Scenario: DNS Resolves Correctly but Application Fails to Connect

Situation

At 09:15 UTC, the development team reports that their Node.js API service running in a Kubernetes pod cannot connect to orders-db.internal.example.com. The engineer on call runs dig from inside the pod and gets the correct IP address back. Yet the application logs show ENOTFOUND or connection timeouts to what appears to be a wrong address. The service was working yesterday before a routine cluster DNS configuration change.

What You Know

  • dig orders-db.internal.example.com returns the correct A record (10.50.1.20) from inside the pod
  • The application logs show connections failing to an unexpected IPv6 address or timing out entirely
  • The issue started after a CoreDNS ConfigMap update was applied to the cluster
  • Other services in the same namespace can reach their databases without issues
  • The pod is running Alpine-based Node.js 18 image

Investigation Steps

1. Compare dig output with actual application resolution behavior

Command(s): 

# dig queries DNS directly and bypasses system resolver logic
dig orders-db.internal.example.com
dig AAAA orders-db.internal.example.com

# getent uses the system resolver (respects /etc/nsswitch.conf and /etc/hosts)
getent hosts orders-db.internal.example.com

# Check what the system resolver actually returns
getent ahosts orders-db.internal.example.com
What to look for: dig may return the correct A record, but getent ahosts might return an AAAA (IPv6) record first. Many applications use getaddrinfo() which follows nsswitch.conf ordering and may prefer IPv6. If an AAAA record exists that points to a stale or unreachable IPv6 address, the app tries that first and fails.

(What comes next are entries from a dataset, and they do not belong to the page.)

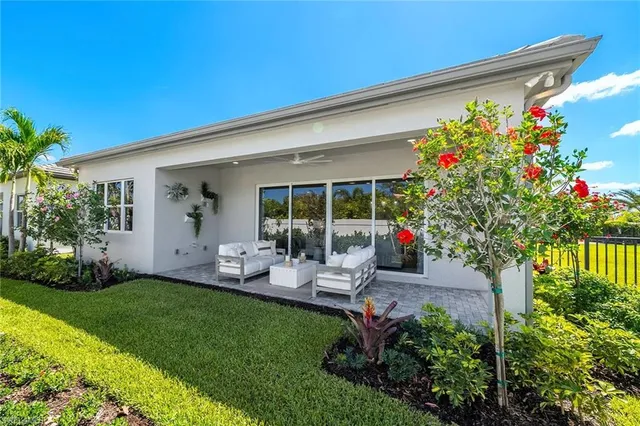 a house view with a sitting space and garden space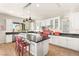 Bright kitchen with white cabinets, granite counters, and island at 49 Vista Outlook St, Henderson, NV 89011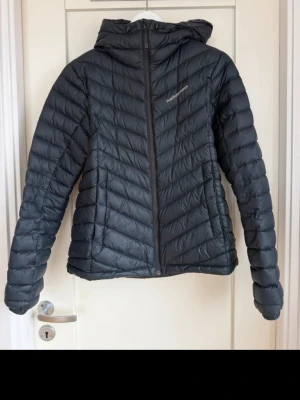 Svart dunjacka med huva från Peak Performance - Snygg svart dunjacka från Peak Performance med huva och dragkedja framtill. Jackan har ett quiltat mönster och är lätt vadderad för extra värme. Perfekt för kalla vinterdagar och har en stilren, sportig look.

2. Check resolver configuration files inside the pod

Command(s): 

cat /etc/resolv.conf
cat /etc/nsswitch.conf
cat /etc/hosts
cat /etc/gai.conf 2>/dev/null
What to look for: In Kubernetes, /etc/resolv.conf contains ndots:5 by default. This means any name with fewer than 5 dots gets the search domains appended first. So orders-db.internal.example.com (3 dots) will first be tried as orders-db.internal.example.com.default.svc.cluster.local, then .svc.cluster.local, then .cluster.local, before finally trying the absolute name. Check if /etc/hosts has a stale entry overriding DNS. Check if nsswitch.conf has files dns ordering (hosts file checked before DNS). Check /etc/gai.conf for IPv6 preference rules.

3. Trace the actual DNS queries the system makes

Command(s): 

# Watch real DNS queries leaving the pod
tcpdump -nn -i eth0 port 53

# In another shell, trigger a resolution the way the app does it
python3 -c "import socket; print(socket.getaddrinfo('orders-db.internal.example.com', 443))"

# Or with curl verbose to see resolution
curl -v --connect-timeout 5 http://orders-db.internal.example.com:5432/
What to look for: In the tcpdump output, count how many DNS queries fire before the correct one. With ndots:5, you will see queries for orders-db.internal.example.com.default.svc.cluster.local and other search domain suffixes first. If any of those accidentally resolves (because a matching record exists in cluster DNS), the app connects to the wrong destination. Also look for both A and AAAA queries — if the AAAA responds faster with a routable address, the app may prefer it.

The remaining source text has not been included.